Plachtaa / seed-vc

State-of-the-Art zero-shot voice conversion & singing voice conversion with in context learning
GNU General Public License v3.0
564 stars 61 forks source link
singing-voice-conversion voice-conversion

Seed-VC

Hugging Face

English | 简体中文 | 日本語
Currently released model supports zero-shot voice conversion 🔊 , zero-shot real-time voice conversion 🗣️ and zero-shot singing voice conversion 🎶. Without any training, it is able to clone a voice given a reference speech of 1~30 seconds.

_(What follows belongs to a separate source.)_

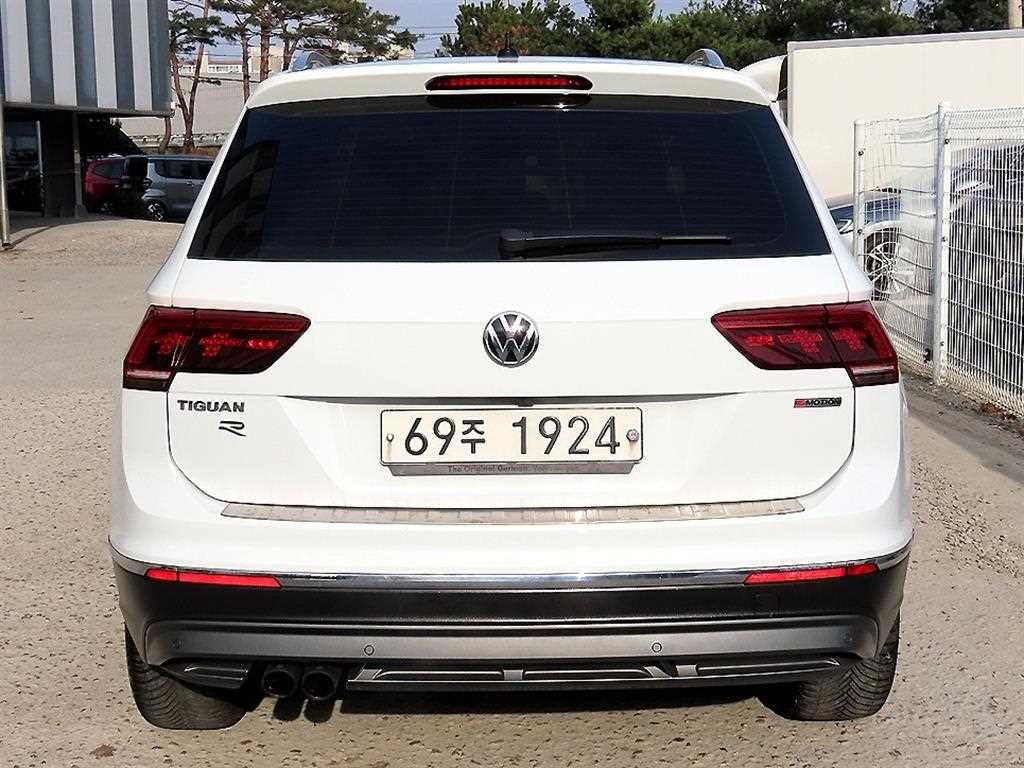 Volkswagen Tiguan - Vista 4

To find a list of demos and comparisons with previous voice conversion models, please visit our demo page🌐

We are keeping on improving the model quality and adding more features.

Evaluation📊

Zero-shot voice conversion🎙🔁

We have performed a series of objective evaluations on our Seed-VC's voice conversion capabilities. For ease of reproduction, source audios are 100 random utterances from LibriTTS-test-clean, and reference audios are 12 randomly picked in-the-wild voices with unique characteristics.

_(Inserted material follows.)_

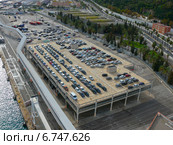 Многоэтажная автостоянка в Барселоне (2014 год). Стоковое фото, фотограф Шевцова Анна / Фотобанк Лори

Source audios can be found under ./examples/libritts-test-clean
Reference audios can be found under ./examples/reference

We evaluate the conversion results in terms of speaker embedding cosine similarity (SECS), word error rate (WER) and character error rate (CER) and compared our results with two strong open sourced baselines, namely OpenVoice and CosyVoice.
Results in the table below shows that our Seed-VC model significantly outperforms the baseline models in both intelligibility and speaker similarity.

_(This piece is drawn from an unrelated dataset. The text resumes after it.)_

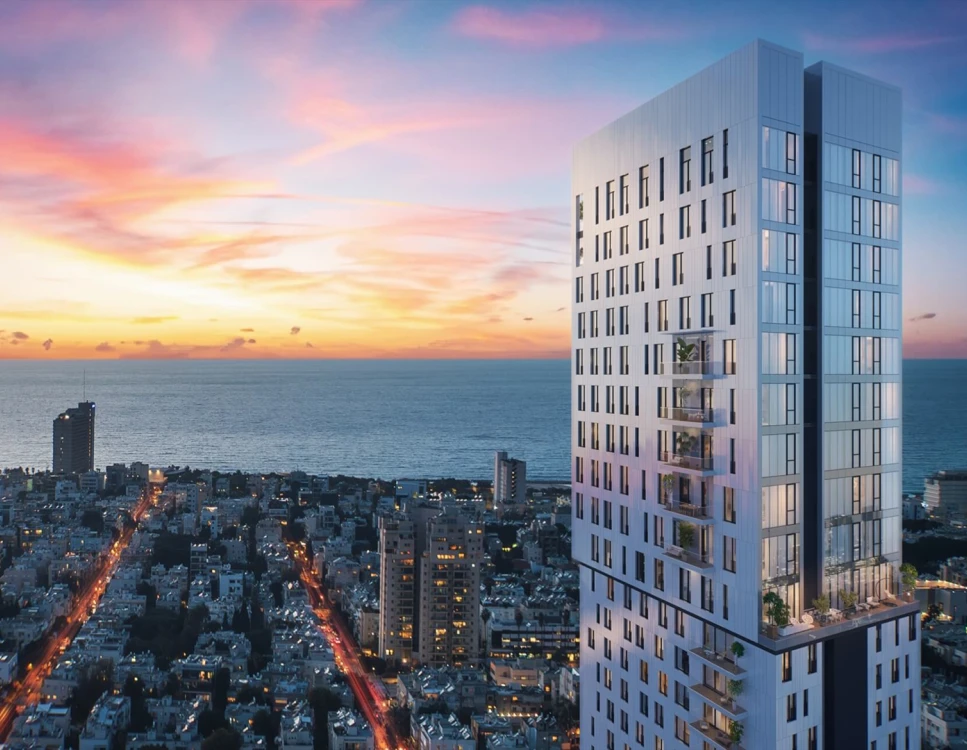 נוף של תל אביב, מגדל יוקרה וים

Models\Metrics SECS↑ WER↓ CER↓ SIG↑ BAK↑ OVRL↑
Ground Truth 1.0000 8.02 1.57 ~ ~ ~
OpenVoice 0.7547 15.46 4.73 3.56 4.02 3.27
CosyVoice 0.8440 18.98 7.29 3.51 4.02 3.21
Seed-VC(Ours) 0.8676 11.99 2.92 3.42 3.97 3.11

We have also compared with non-zero-shot voice conversion models for several speakers (based on model availability):

Characters Models\Metrics SECS↑ WER↓ CER↓ SIG↑ BAK↑ OVRL↑
~ Ground Truth 1.0000 6.43 1.00 ~ ~ ~
Tokai Teio So-VITS-4.0 0.8637 21.46 9.63 3.06 3.66 2.68
Seed-VC(Ours) 0.8899 15.32 4.66 3.12 3.71 2.72
Milky Green So-VITS-4.0 0.6850 48.43 32.50 3.34 3.51 2.82
Seed-VC(Ours) 0.8072 7.26 1.32 3.48 4.07 3.20
Matikane Tannhuaser So-VITS-4.0 0.8594 16.25 8.64 3.25 3.71 2.84
Seed-VC(Ours) 0.8768 12.62 5.86 3.18 3.83 2.85

Results show that, despite not being trained on the target speakers, Seed-VC is able to achieve significantly better results than the non-zero-shot models. However, this may vary a lot depending on the SoVITS model quality. PR or Issue is welcomed if you find this comparison unfair or inaccurate.
(Tokai Teio model from zomehwh/sovits-tannhauser)
(Matikane Tannhuaser model from zomehwh/sovits-tannhauser)
(Milky Green model from sparanoid/milky-green-sovits-4)

English ASR result computed by facebook/hubert-large-ls960-ft model
Speaker embedding computed by resemblyzer model

You can reproduce the evaluation by running eval.py script.

python eval.py 
--source ./examples/libritts-test-clean
--target ./examples/reference
--output ./examples/eval/converted
--diffusion-steps 25
--length-adjust 1.0
--inference-cfg-rate 0.7
--xvector-extractor "resemblyzer"
--baseline ""  # fill in openvoice or cosyvoice to compute baseline result
--max-samples 100  # max source utterances to go through

Before that, make sure you have openvoice and cosyvoice repo correctly installed on ../OpenVoice/ and ../CosyVoice/ if you would like to run baseline evaluation.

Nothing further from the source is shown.